Short web captions
________________________

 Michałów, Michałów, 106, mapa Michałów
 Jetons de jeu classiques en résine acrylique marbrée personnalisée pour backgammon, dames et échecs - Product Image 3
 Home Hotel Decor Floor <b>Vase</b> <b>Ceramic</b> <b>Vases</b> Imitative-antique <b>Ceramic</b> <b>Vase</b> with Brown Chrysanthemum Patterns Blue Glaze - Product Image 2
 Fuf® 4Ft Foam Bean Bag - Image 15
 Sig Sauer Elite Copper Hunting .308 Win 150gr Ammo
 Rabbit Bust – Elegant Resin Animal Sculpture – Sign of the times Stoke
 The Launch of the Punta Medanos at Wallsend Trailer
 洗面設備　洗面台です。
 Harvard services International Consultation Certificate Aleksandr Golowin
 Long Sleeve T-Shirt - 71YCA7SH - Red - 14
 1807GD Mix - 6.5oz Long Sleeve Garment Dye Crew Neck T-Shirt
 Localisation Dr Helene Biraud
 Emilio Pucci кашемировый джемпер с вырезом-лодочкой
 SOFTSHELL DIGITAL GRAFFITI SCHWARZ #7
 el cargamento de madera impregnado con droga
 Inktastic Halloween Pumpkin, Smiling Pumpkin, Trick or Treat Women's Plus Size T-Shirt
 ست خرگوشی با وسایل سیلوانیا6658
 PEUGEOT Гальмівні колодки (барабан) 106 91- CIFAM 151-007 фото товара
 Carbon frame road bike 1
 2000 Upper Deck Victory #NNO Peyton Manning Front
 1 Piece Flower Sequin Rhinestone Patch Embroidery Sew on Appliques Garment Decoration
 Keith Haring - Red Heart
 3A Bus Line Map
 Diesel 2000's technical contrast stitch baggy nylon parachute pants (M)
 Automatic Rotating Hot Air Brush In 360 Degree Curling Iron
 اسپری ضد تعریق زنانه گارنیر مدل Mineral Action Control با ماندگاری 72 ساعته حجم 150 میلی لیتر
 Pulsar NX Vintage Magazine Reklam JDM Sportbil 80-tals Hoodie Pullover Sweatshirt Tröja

________________________

* REQUIREMENT: Return, word for word, the line containing "ست خرگوشی با وسایل سیلوانیا6658" and all lines after it through the last line of the records, and nothing else.

* ANSWER TO THE EXERCISE:
 ست خرگوشی با وسایل سیلوانیا6658
 PEUGEOT Гальмівні колодки (барабан) 106 91- CIFAM 151-007 фото товара
 Carbon frame road bike 1
 2000 Upper Deck Victory #NNO Peyton Manning Front
 1 Piece Flower Sequin Rhinestone Patch Embroidery Sew on Appliques Garment Decoration
 Keith Haring - Red Heart
 3A Bus Line Map
 Diesel 2000's technical contrast stitch baggy nylon parachute pants (M)
 Automatic Rotating Hot Air Brush In 360 Degree Curling Iron
 اسپری ضد تعریق زنانه گارنیر مدل Mineral Action Control با ماندگاری 72 ساعته حجم 150 میلی لیتر
 Pulsar NX Vintage Magazine Reklam JDM Sportbil 80-tals Hoodie Pullover Sweatshirt Tröja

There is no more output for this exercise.